RockSample(n,k) problem

Origin: Heuristic Search Value Iteration for POMDPs (UAI 2004)

Description:

State space:

Position {(1,1),(1,2),…(n,n)} \(\times\) RockType_1 \(\times\) RockType_2, …, \(\times\) RockType_k where RockType_i = {Good, Bad} \(\times\) TerminalState

(basically, the positions of rocks are known to the robot,
but not represented explicitly in the state space. Check_i will smartly check the rock i at its location.)

Action space:

North, South, East, West, Sample, Check_1, …, Check_k The first four moves the agent deterministically Sample: samples the rock at agent’s current location Check_i: receives a noisy observation about RockType_i (noise determined by eta (\(\eta\)). eta=1 -> perfect sensor; eta=0 -> uniform)

Observation: observes the property of rock i when taking Check_i.

Reward: +10 for Sample a good rock. -10 for Sampling a bad rock.: Move to exit area +10. Other actions have no cost or reward.

Initial belief: every rock has equal probability of being Good or Bad.

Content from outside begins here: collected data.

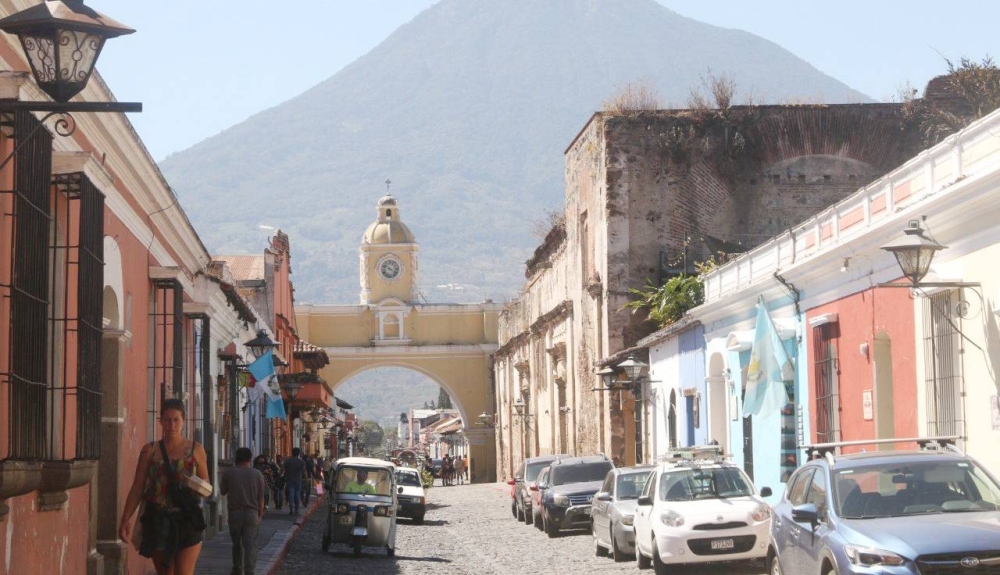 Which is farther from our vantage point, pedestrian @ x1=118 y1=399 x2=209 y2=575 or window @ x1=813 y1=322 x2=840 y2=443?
window @ x1=813 y1=322 x2=840 y2=443

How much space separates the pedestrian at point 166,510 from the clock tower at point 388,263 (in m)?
64.6

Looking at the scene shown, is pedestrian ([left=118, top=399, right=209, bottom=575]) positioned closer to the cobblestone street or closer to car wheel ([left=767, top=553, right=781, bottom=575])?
car wheel ([left=767, top=553, right=781, bottom=575])

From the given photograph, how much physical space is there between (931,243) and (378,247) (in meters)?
66.2

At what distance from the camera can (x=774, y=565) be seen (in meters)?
12.7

class pomdp_py.problems.rocksample.cythonize.rocksample_problem.CheckAction¶

Bases: RSAction

rock_id¶

class pomdp_py.problems.rocksample.cythonize.rocksample_problem.MoveAction¶

Bases: RSAction

EAST = (1, 0)¶

NORTH = (0, 1)¶

SOUTH = (0, -1)¶

WEST = (-1, 0)¶

motion¶

class pomdp_py.problems.rocksample.cythonize.rocksample_problem.RSAction¶: Bases: Action

class pomdp_py.problems.rocksample.cythonize.rocksample_problem.RSObservation¶

Bases: Observation

quality¶

class pomdp_py.problems.rocksample.cythonize.rocksample_problem.RSObservationModel¶

Bases: ObservationModel

argmax(next_state, action)¶: Returns the most likely observation

probability(self, observation, next_state, action)¶

Returns the probability of \(\Pr(o|s',a)\).

Parameters:

observation (Observation) – the observation \(o\)
next_state (State) – the next state \(s'\)
action (Action) – the action \(a\)

Returns:

the probability \(\Pr(o|s',a)\)

Return type:

float

sample(self, next_state, action)¶

Returns observation randomly sampled according to the distribution of this observation model.

Parameters:

next_state (State) – the next state \(s'\)
action (Action) – the action \(a\)

Returns:

the observation \(o\)

Return type:

Observation

class pomdp_py.problems.rocksample.cythonize.rocksample_problem.RSPolicyModel¶

Bases: RolloutPolicy

Simple policy model according to problem description.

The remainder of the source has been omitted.